Every line of the material is to be returned verbatim. Pictures stay out.
(Beginning of DATASET EXTRACT)
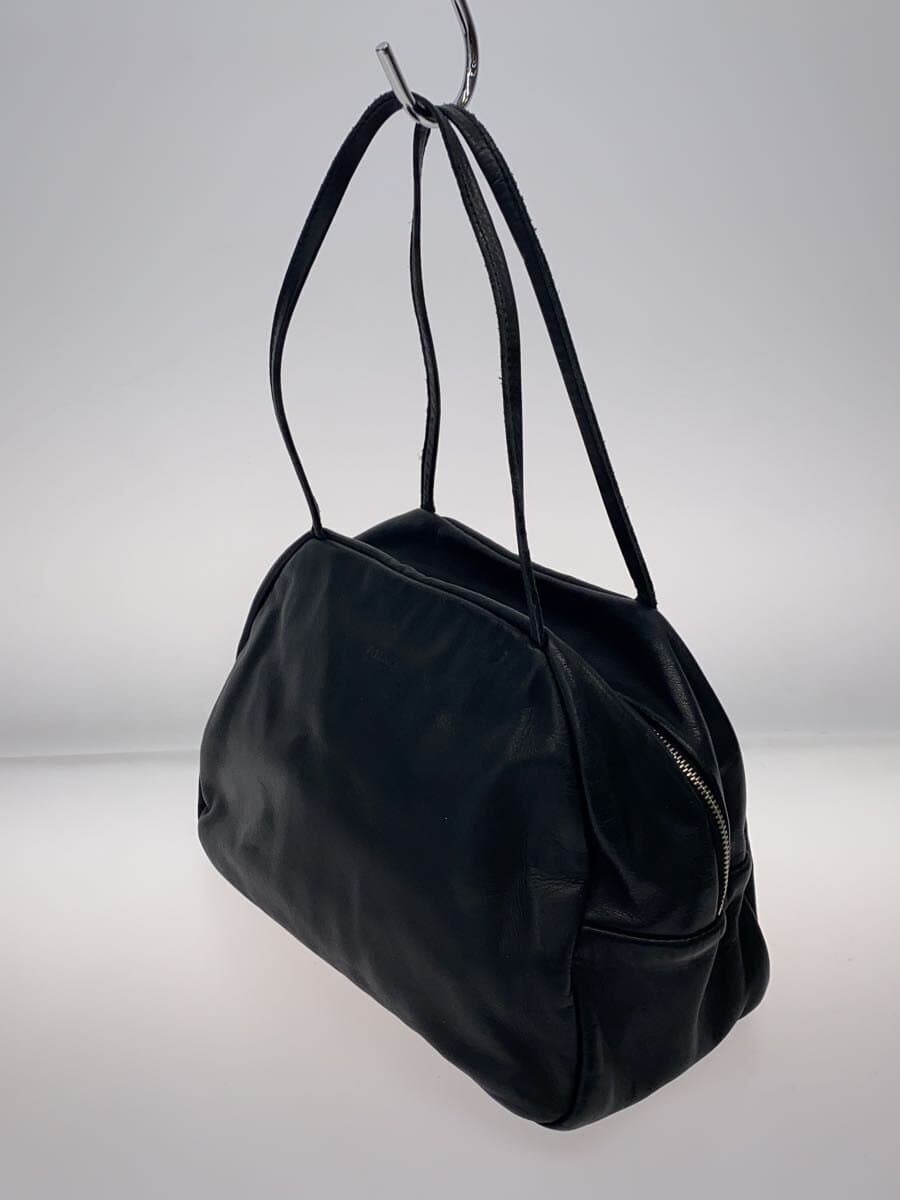 Folna Soft Leather Boston Bag Leather Black 2
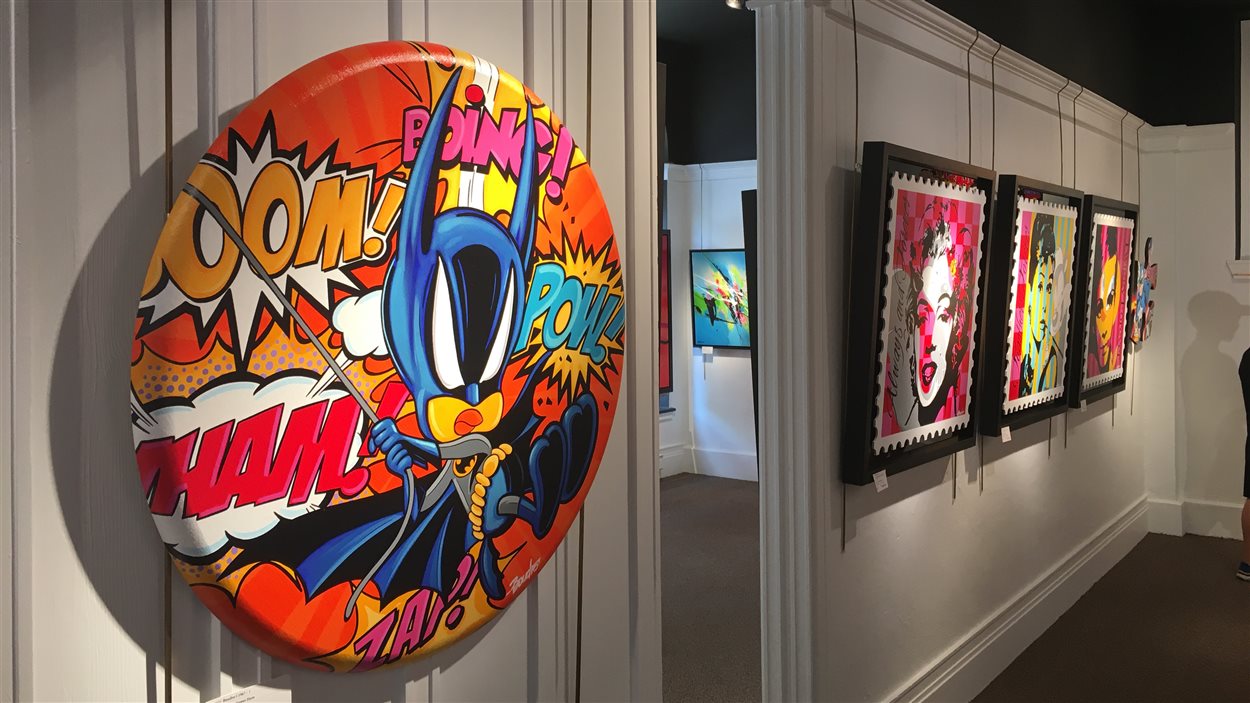 Les oeuvres de Guy Boudro sont exposées à la Galerie d'art Perreault.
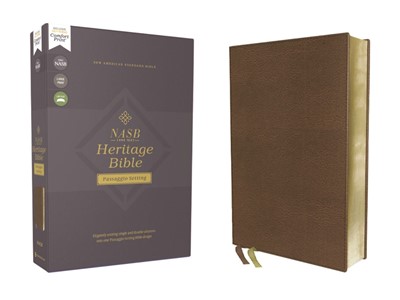 NASB Heritage Bible, Brown, Comfort Print (Imitation Leather)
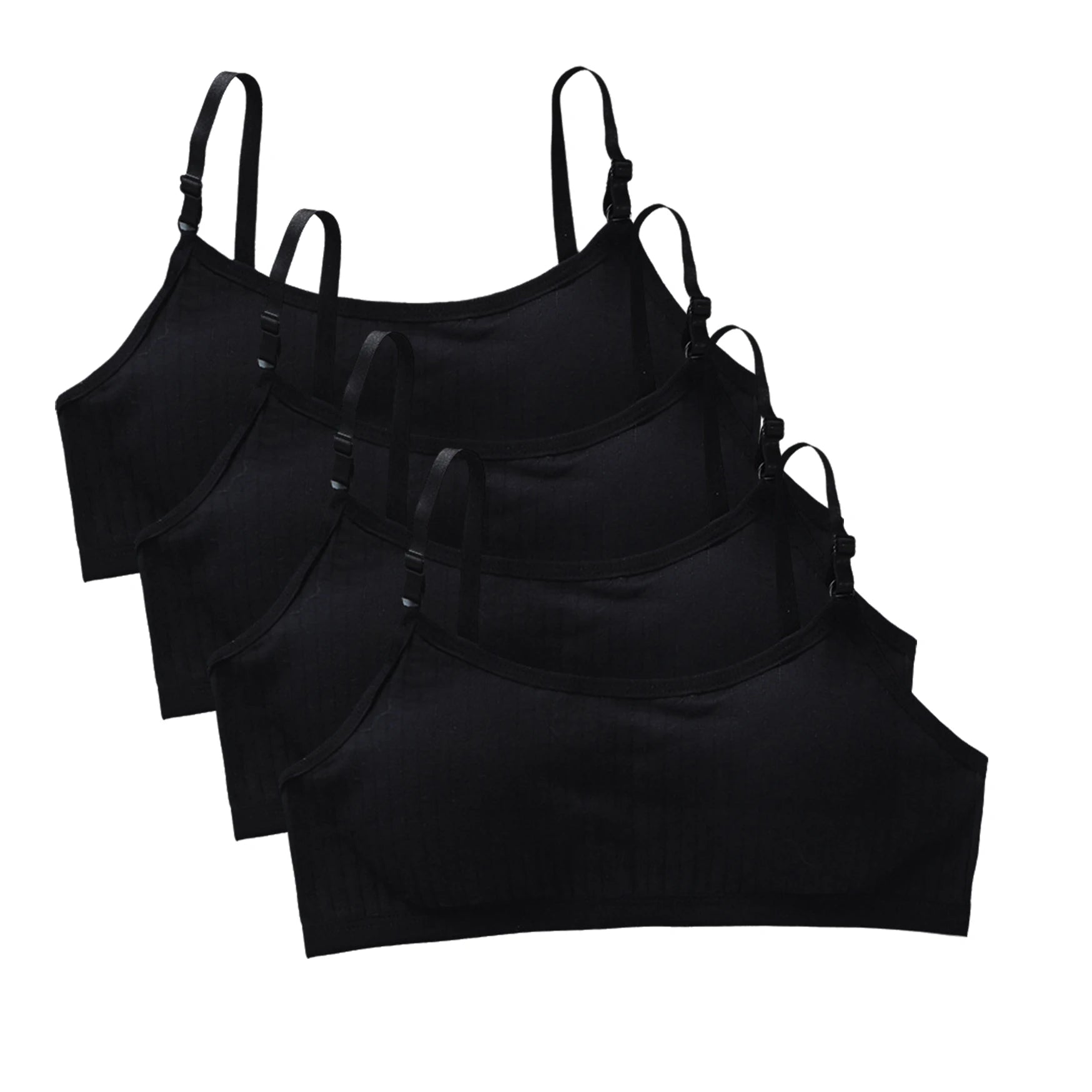 Girls Training Bras 4-Pack – Seamless Soft Cotton Vest Bra (Ages 8–20)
(End of DATASET EXTRACT)
• _ANSWER AREA_
 Folna Soft Leather Boston Bag Leather Black 2
 Les oeuvres de Guy Boudro sont exposées à la Galerie d'art Perreault.
 NASB Heritage Bible, Brown, Comfort Print (Imitation Leather)
 Girls Training Bras 4-Pack – Seamless Soft Cotton Vest Bra (Ages 8–20)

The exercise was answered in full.